From Muhammad Ali to Colin Kaepernick, athletes across sports have long been involved in activism, speaking out on social issues and fighting for the causes they feel passionately about.

Ali and Kaepernick were among many names mentioned at Thursday night’s “Athlete Activism and Social (In)Justice: Sport and Racial Politics” panel.

“Sports have always been tied to larger social, political and cultural issues,” said panelist Damion Thomas, the sports curator at the National Museum of African American History and Culture.

Kevin Blackistone, a frequent panelist on ESPN’s Around the Horn and a visiting professor at this university’s journalism college, moderated the event, hosted by the Leadership and Community Service-Learning office.
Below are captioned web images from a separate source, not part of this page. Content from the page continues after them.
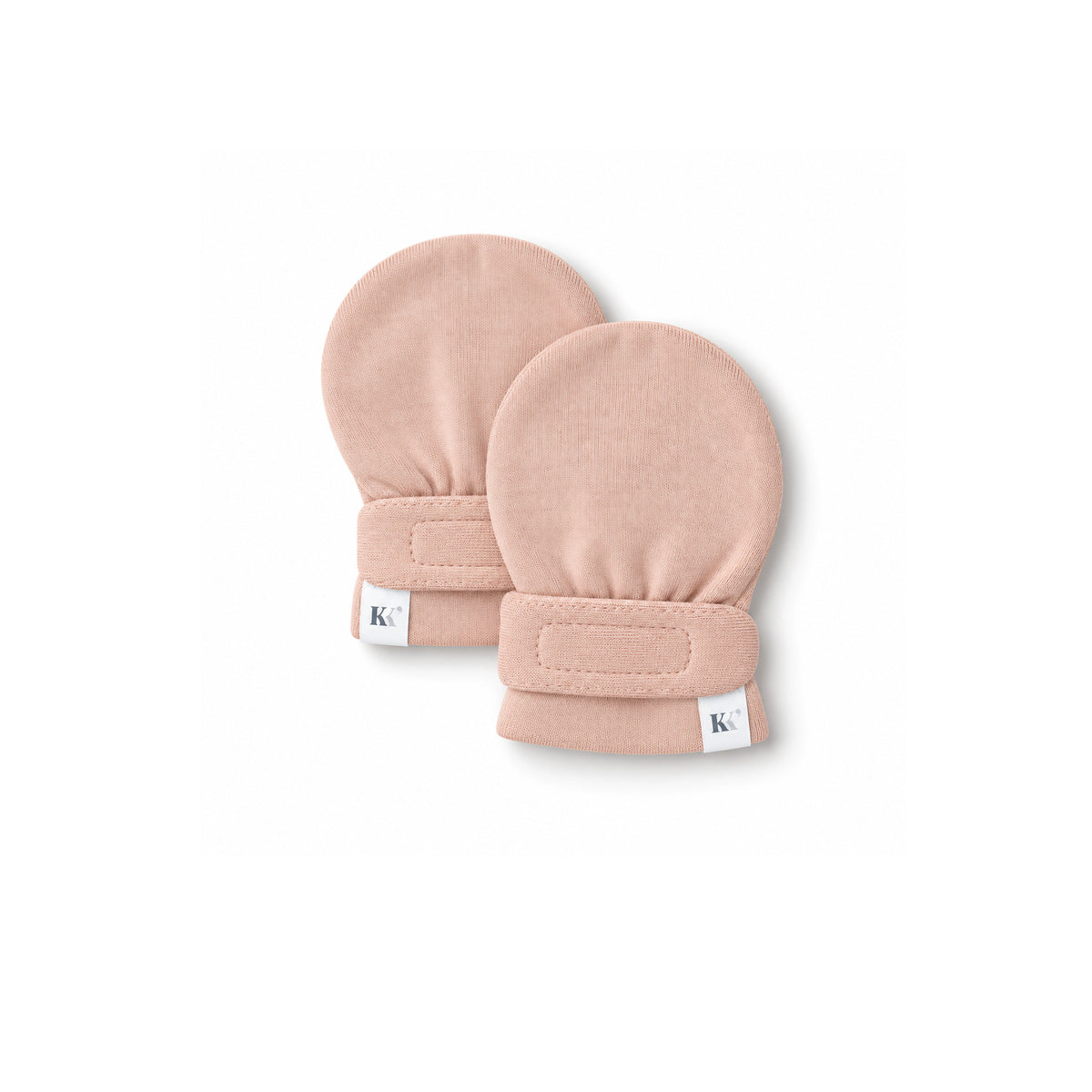 SecureGrip Mitts - Nomadic Sand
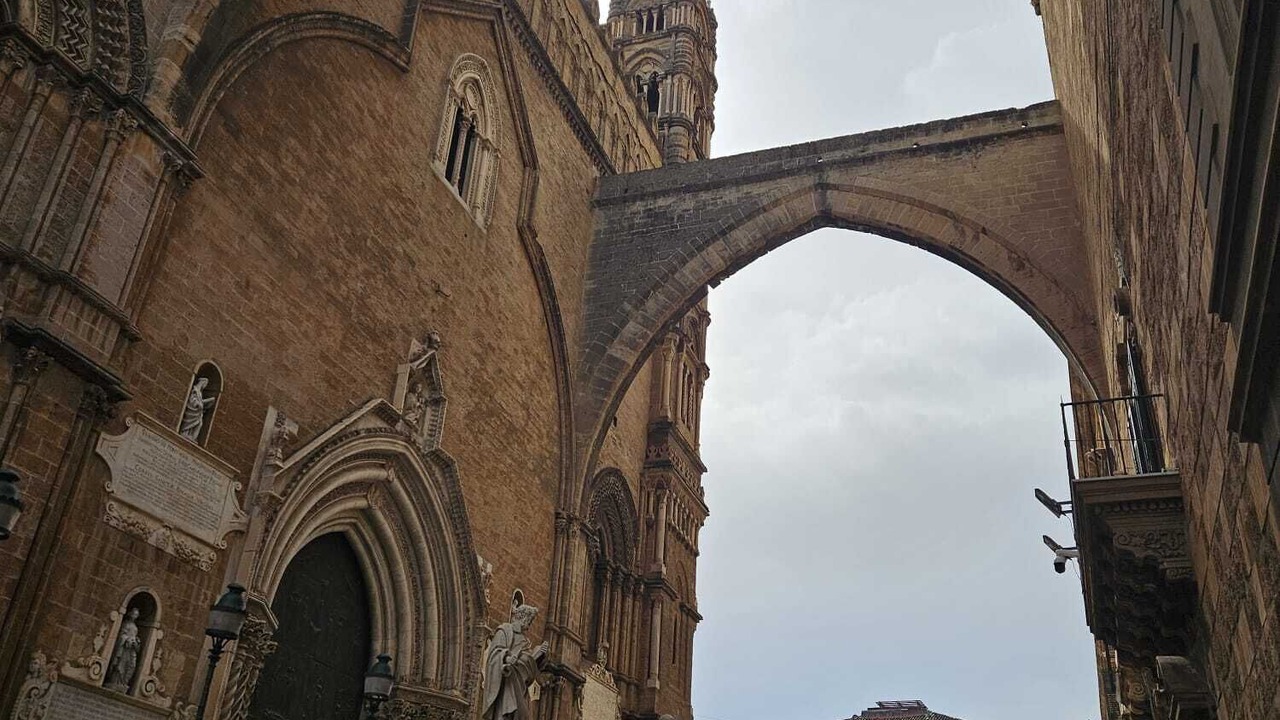 Photo of Others in Palermo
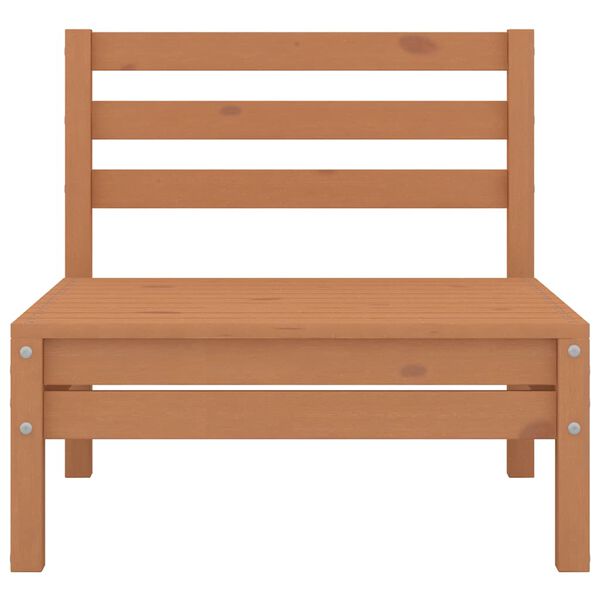 3 / 7. term&eacute;kk&eacute;p megjelen&iacute;t&eacute;se
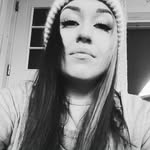 🐼 - @lottaellen96 - Instagram
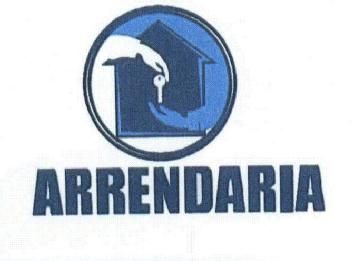 Imagen de ARRENDARIA
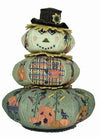 Sunflower Farm Stacker Praiseworthy Stitchers - Maple Grove Needleworks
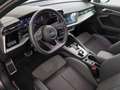 Audi A3 Sportback 30 TFSI 110 PK S edition | S-Line | Appl Grey - thumbnail 3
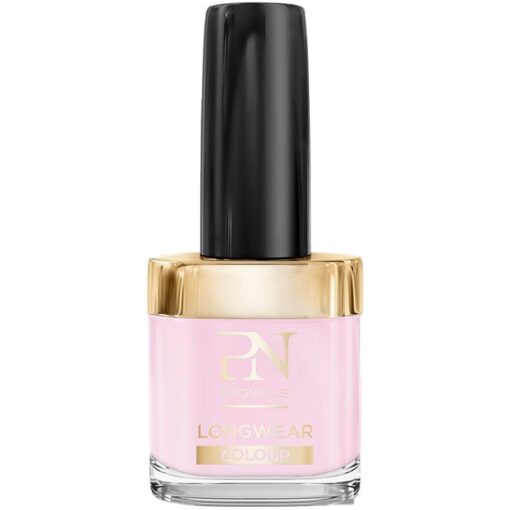 shop ProNails Longwear Nail Polish 10 ml - 294 Sweet Gesture (U) af ProNails - online shopping tilbud rabat hos shoppetur.dk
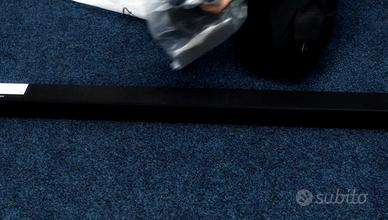 SOUNDBAR SAMSUNG 170W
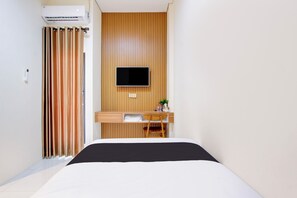 Ảnh chưa phân loại, 3 trong số 31 ảnh, nút
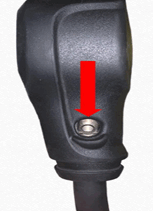 0602tpxh-aad9-153x211.png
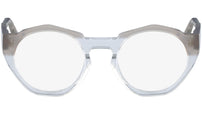 ME2616 037 opal grey and crystal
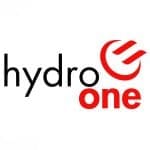 Hydro One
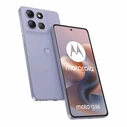 Smartphone Motorola Moto G86 5G 8 GB RAM 256 GB Violet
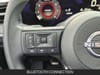 17 imagen en miniatura de 2026 Nissan Kicks SV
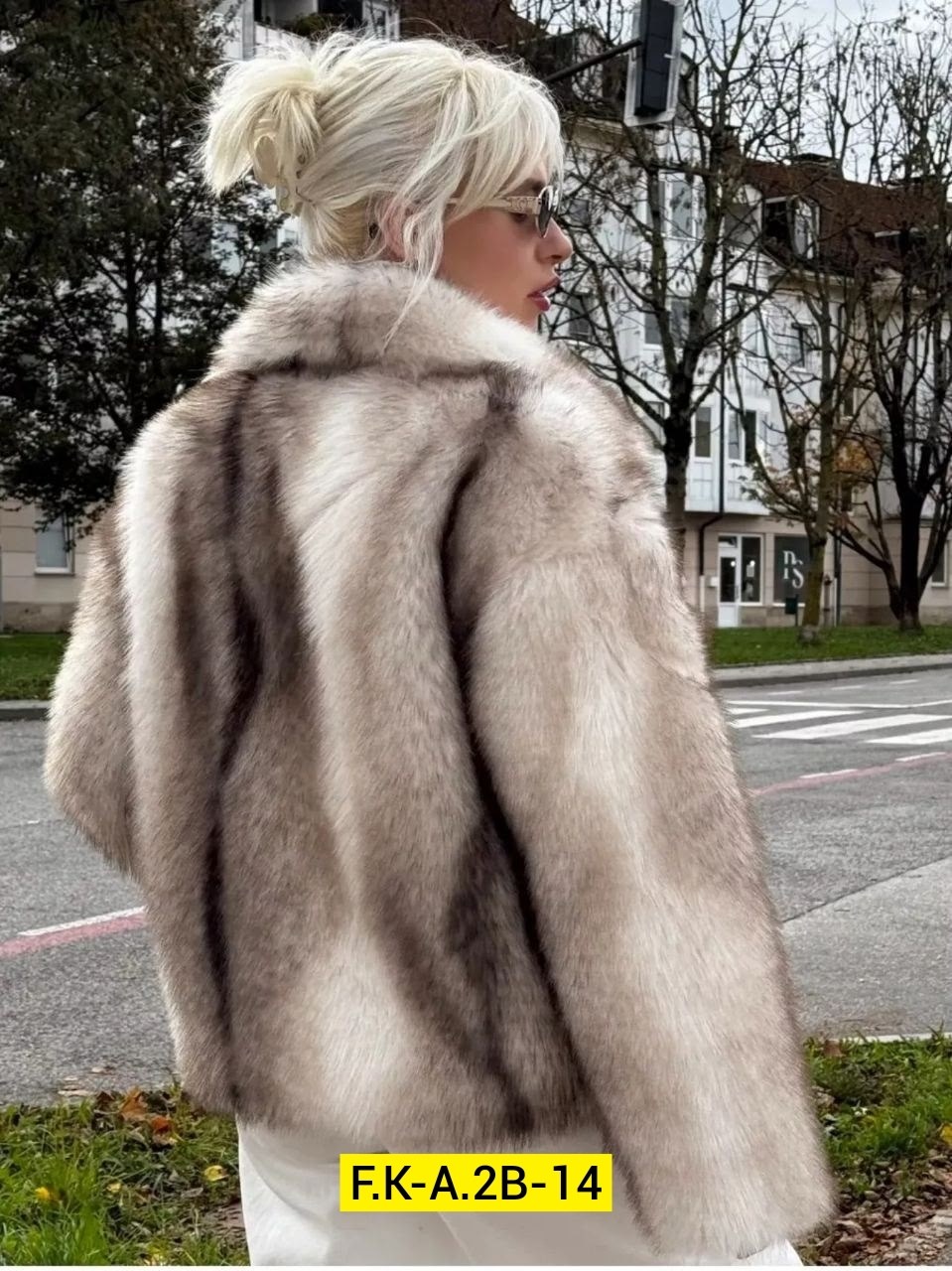 шуба,шуба эко мех,шубка,меховая куртка,шуба женская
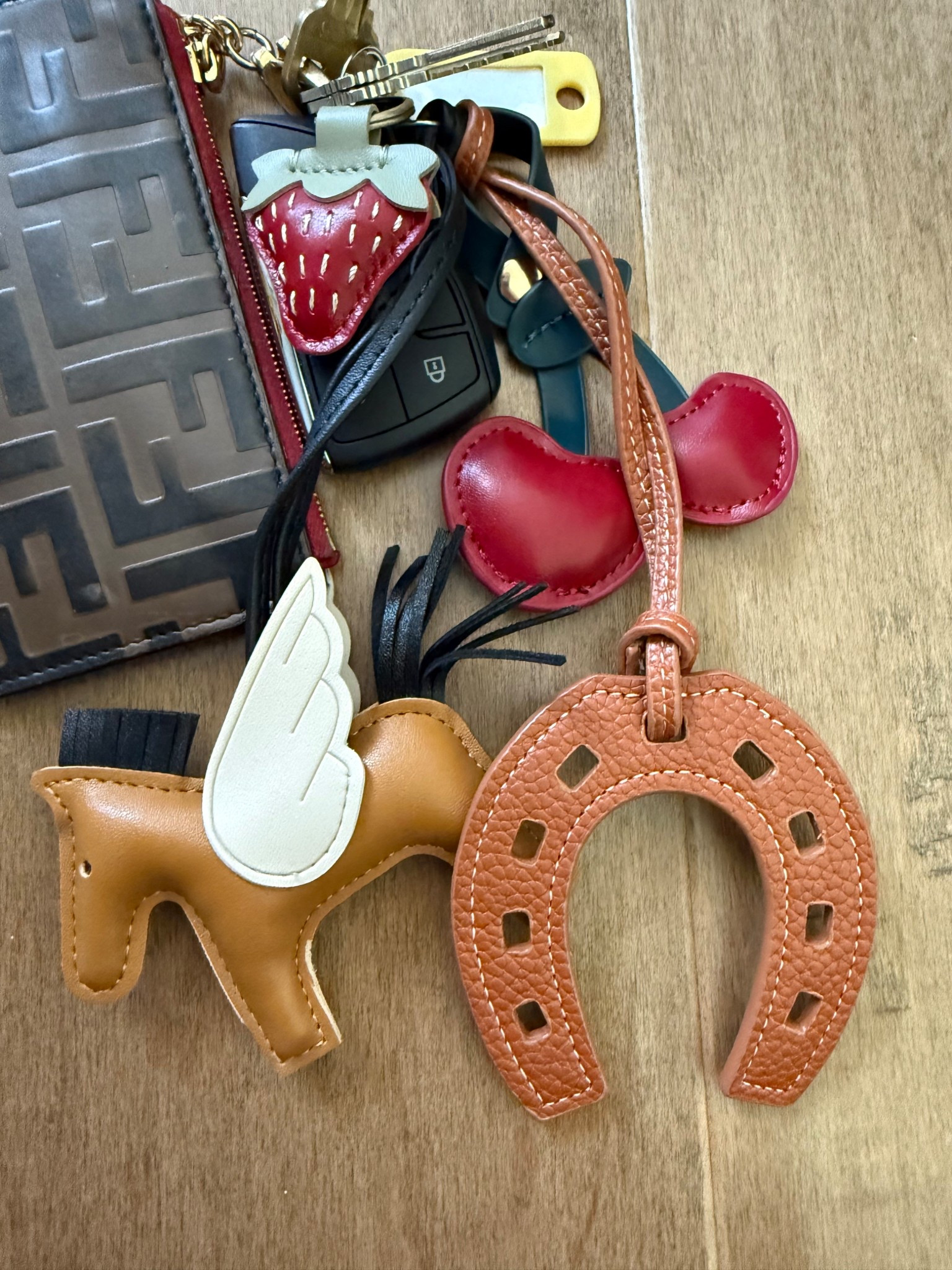 #LTKSeasonal #LTKSummerEdit #LTKFindsUnder50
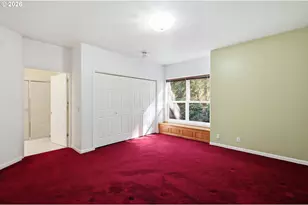 82155 Bear Creek Rd, Creswell, OR 97426 - Photo 28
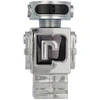 paco rabanne Eau de Toilette PHANTOM, mit langanhaltender Formulierung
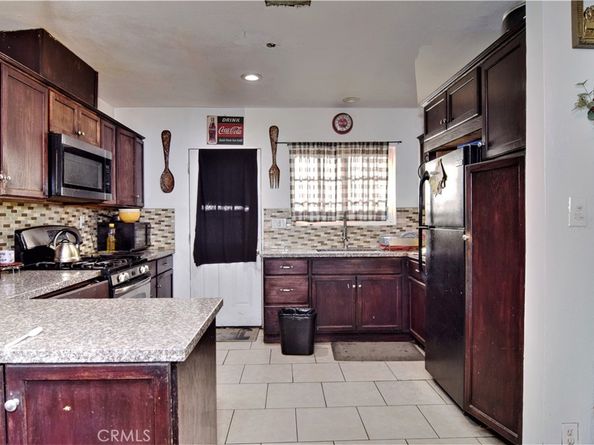 14807 Oro Grande, Sylmar CA 91342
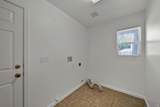 22496 Rio Alto Drive - Photo 18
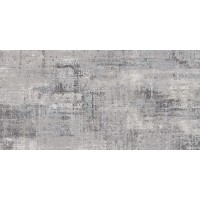 Milano Grey Natural 49,75x99,55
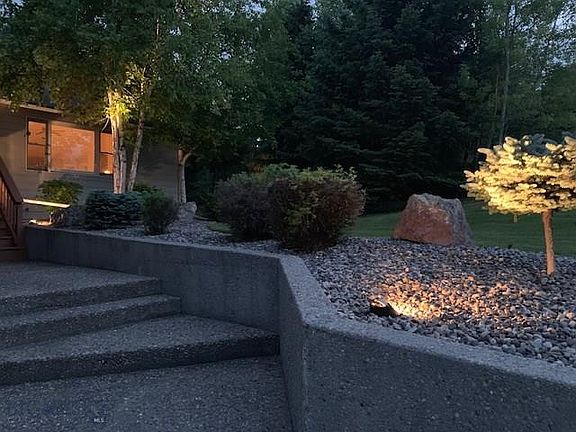 2nd image of 6050 Monarch Dr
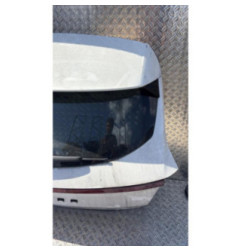 Malle/Hayon arriere CUPRA FORMENTOR Photo n°3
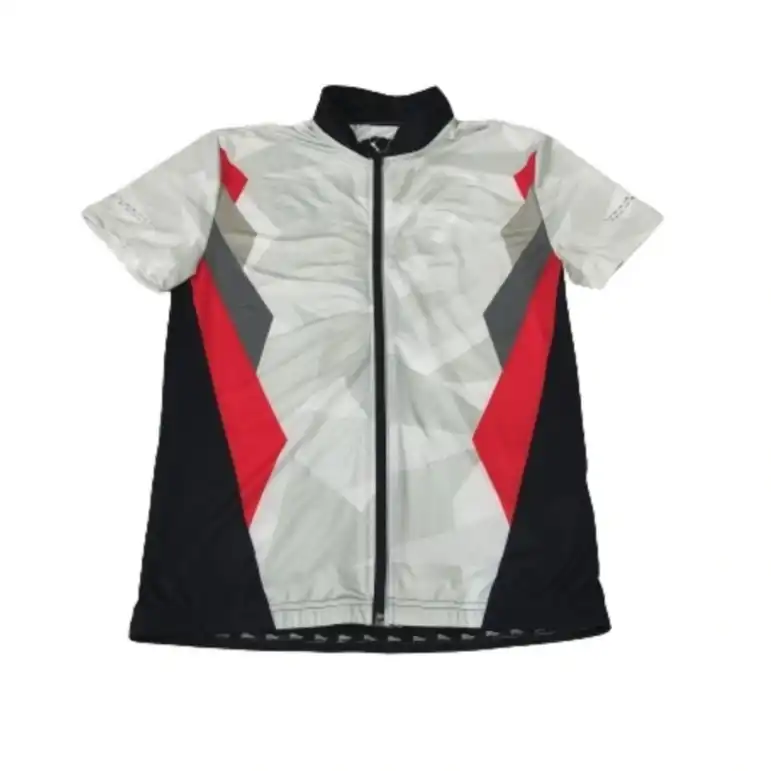 تی شرت ورزشی مردانه مدل Q91000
His first question: “Why have we seen this re-emergence, do you think, right now, of activism on the part of athletes?”

Recently, Fox News anchor Laura Ingraham told LeBron James to “shut up and dribble,” in an effort to discourage the Cavaliers frontman from talking about political issues. Panelist Diane Roberts, a sports anchor for WUSA 9, said what Ingraham said is not “ignorance, it’s inflammatory.”

Dave Zirin, the first sports correspondent for The Nation in the publication’s history, called back to 2012, when neighborhood watch coordinator George Zimmerman fatally shot Trayvon Martin, an unarmed black 17-year-old, in Sanford, Florida. A sharp reaction followed from many athletes, including the Miami Heat. Several members of the team took a photo together wearing sweatshirts with their hoods up in solidarity with Martin, who was wearing a hoodie when he was killed.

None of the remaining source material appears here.